#### About this task
Exactly as written, print every line of the listing below and omit its pictures.

#### Source information

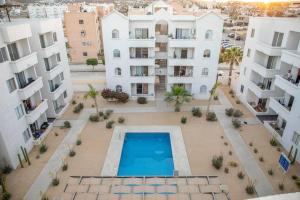 an aerial view of an apartment complex with a swimming pool at Downtown Beach Condo w/ Pool in Cabo San Lucas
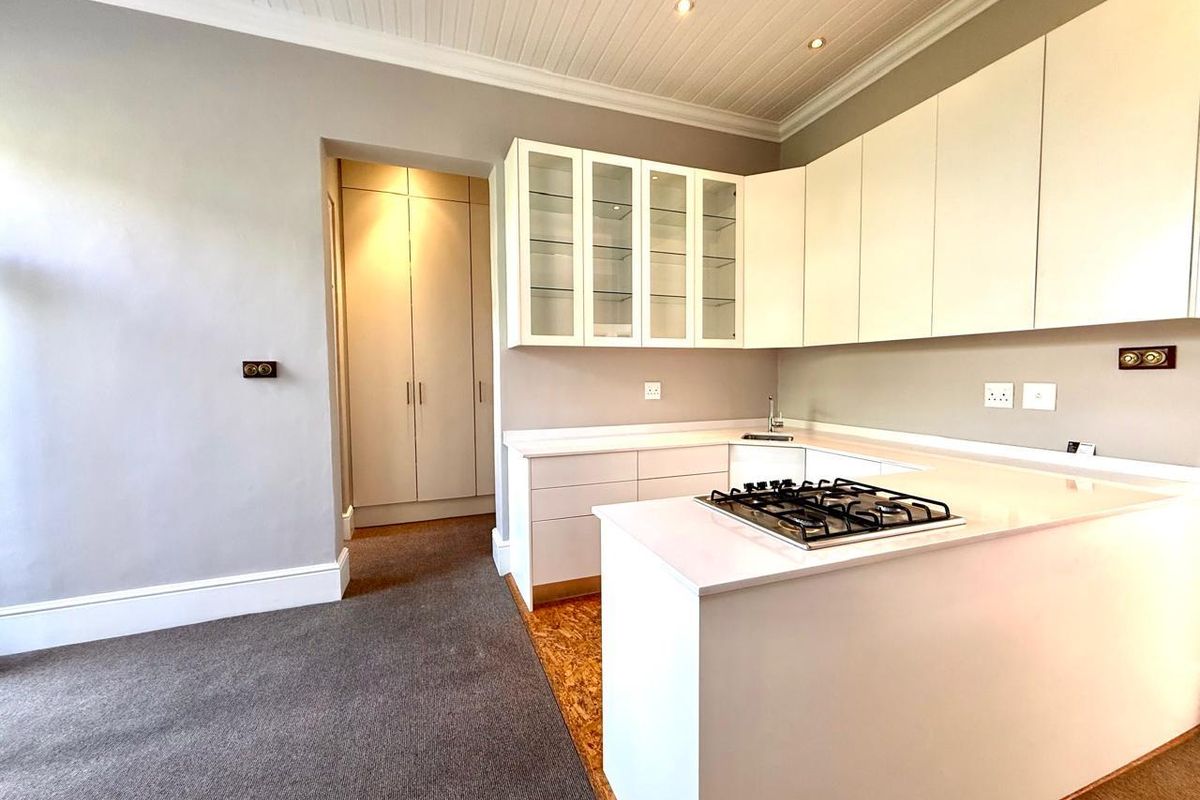 Modern kitchen featuring white cabinetry, stone countertops, a gas hob, and integrated sink, complemented by a tongue and groove ceiling and built-in pantry storage.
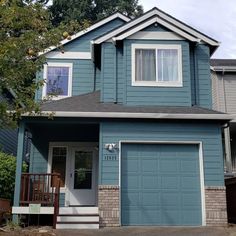 a blue two story house with white trim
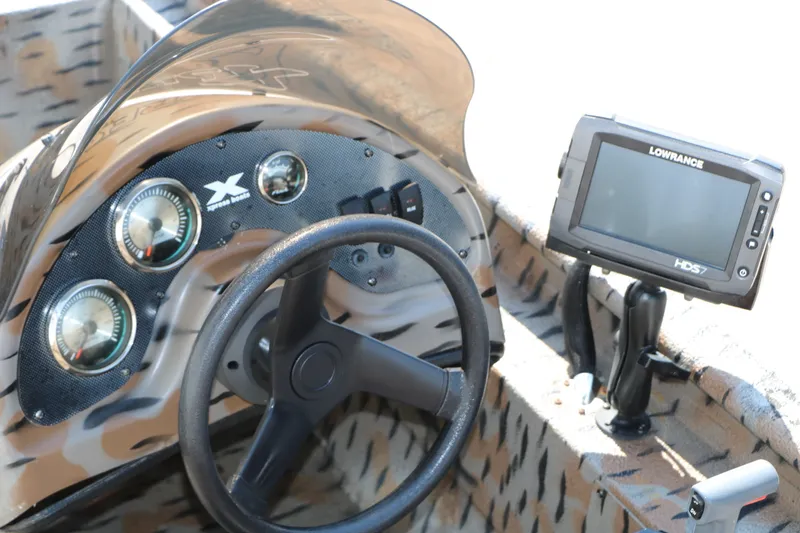 Slide: The Image of 2015 Xpress XP170 boat dashboard with steering wheel and Lowrance HDS7 fishfinder. - 26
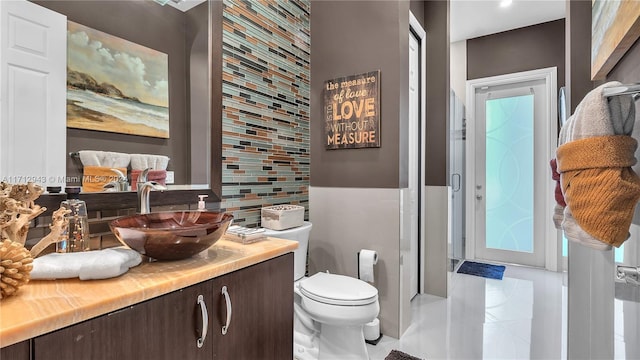 bathroom with tile patterned flooring, vanity, and toilet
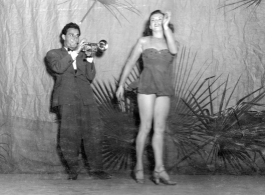 Dancing at a USO show in Gushkara, India, during WWII.  The boxes in front of the band players are labeled 748th ROB (748th Railway Operating Battalion).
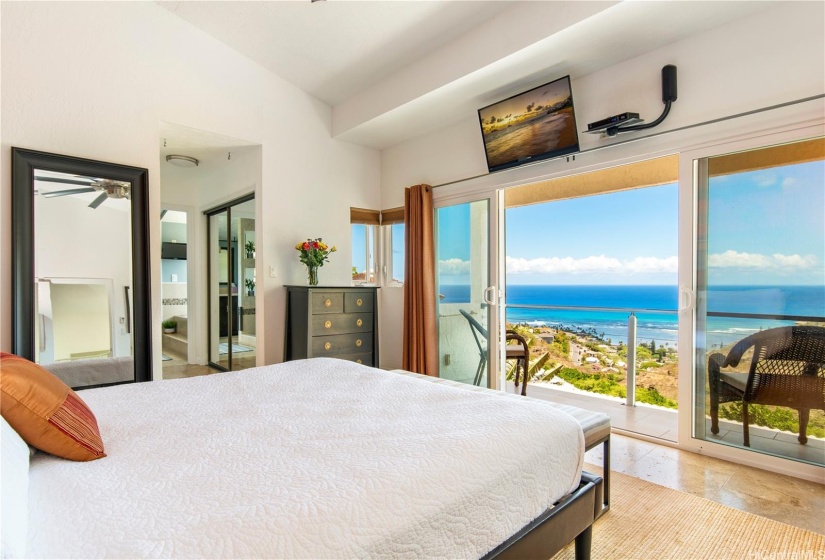 Primary bedroom with expansive ocean views...what a way to wake up!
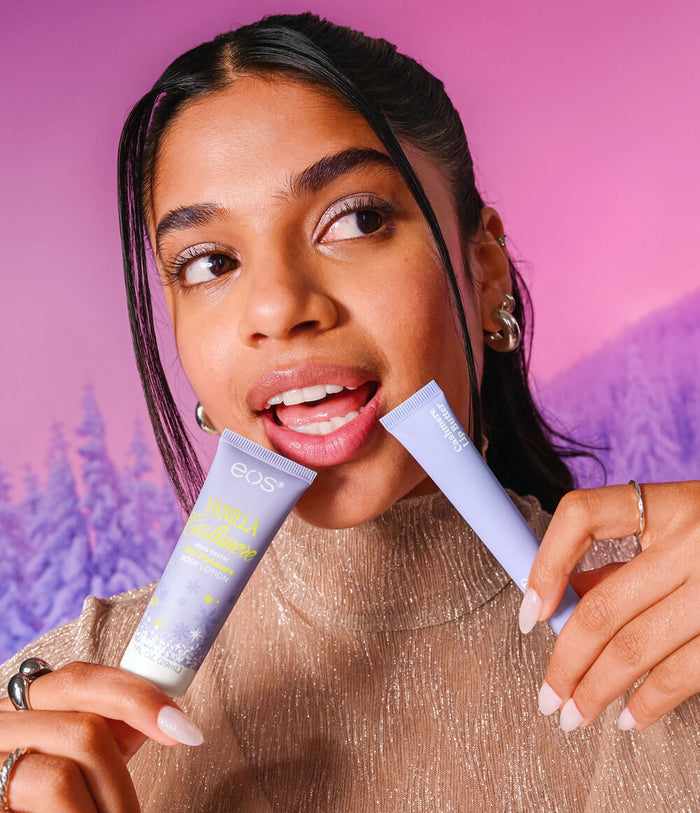 A woman holding two light purple cosmetic tubes, one labeled EOS and the other partially visible, against a pink and purple background with a blurred winter tree scene.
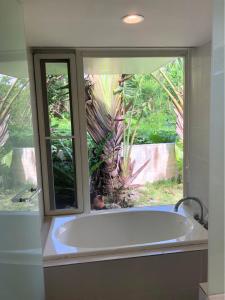 eine Badewanne im Bad mit 2 Fenstern in der Unterkunft 727セブンツーセブン石垣島ベース in Ishigaki-jima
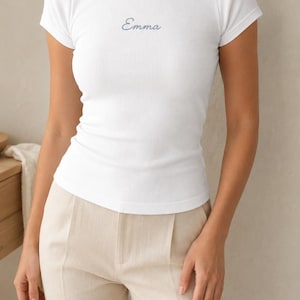 May include: A white short-sleeved ribbed t-shirt featuring a crew neckline and the name Emma embroidered in a dark blue cursive script across the centre of the chest. The fitted garment has a textured fabric finish and a straight hemline.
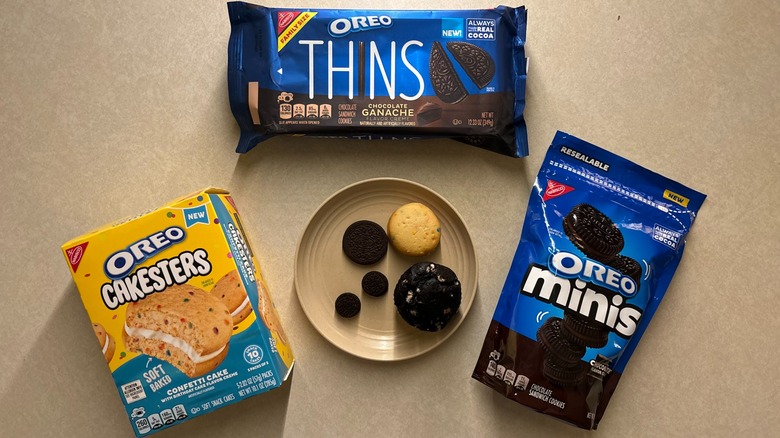 Oreo Thins, Cakesters, and Minis snacks in packaging and some on a plate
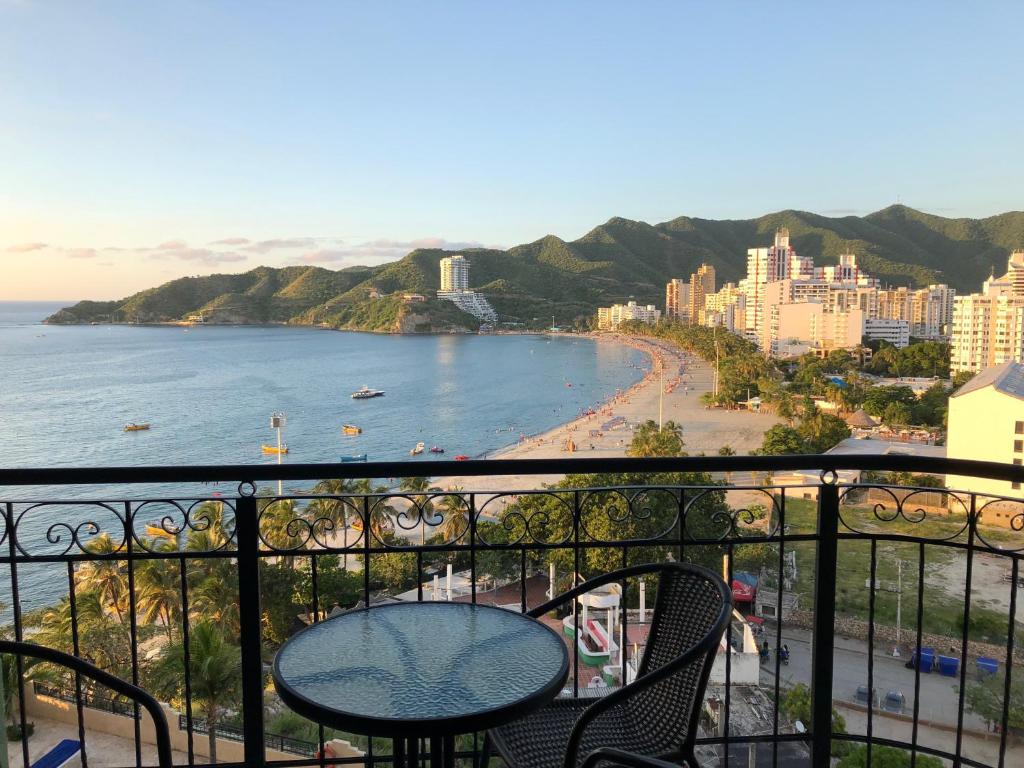 a balcony with a table and chairs and a beach at EDIFICO EL PEÑON DEL RODADERO APTO. 405A in Santa Marta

#### Task solution
 an aerial view of an apartment complex with a swimming pool at Downtown Beach Condo w/ Pool in Cabo San Lucas
 Modern kitchen featuring white cabinetry, stone countertops, a gas hob, and integrated sink, complemented by a tongue and groove ceiling and built-in pantry storage.
 a blue two story house with white trim
 Slide: The Image of 2015 Xpress XP170 boat dashboard with steering wheel and Lowrance HDS7 fishfinder. - 26
 bathroom with tile patterned flooring, vanity, and toilet
 Dancing at a USO show in Gushkara, India, during WWII.  The boxes in front of the band players are labeled 748th ROB (748th Railway Operating Battalion).
 Primary bedroom with expansive ocean views...what a way to wake up!
 A woman holding two light purple cosmetic tubes, one labeled EOS and the other partially visible, against a pink and purple background with a blurred winter tree scene.
 eine Badewanne im Bad mit 2 Fenstern in der Unterkunft 727セブンツーセブン石垣島ベース in Ishigaki-jima
 May include: A white short-sleeved ribbed t-shirt featuring a crew neckline and the name Emma embroidered in a dark blue cursive script across the centre of the chest. The fitted garment has a textured fabric finish and a straight hemline.
 Oreo Thins, Cakesters, and Minis snacks in packaging and some on a plate
 a balcony with a table and chairs and a beach at EDIFICO EL PEÑON DEL RODADERO APTO. 405A in Santa Marta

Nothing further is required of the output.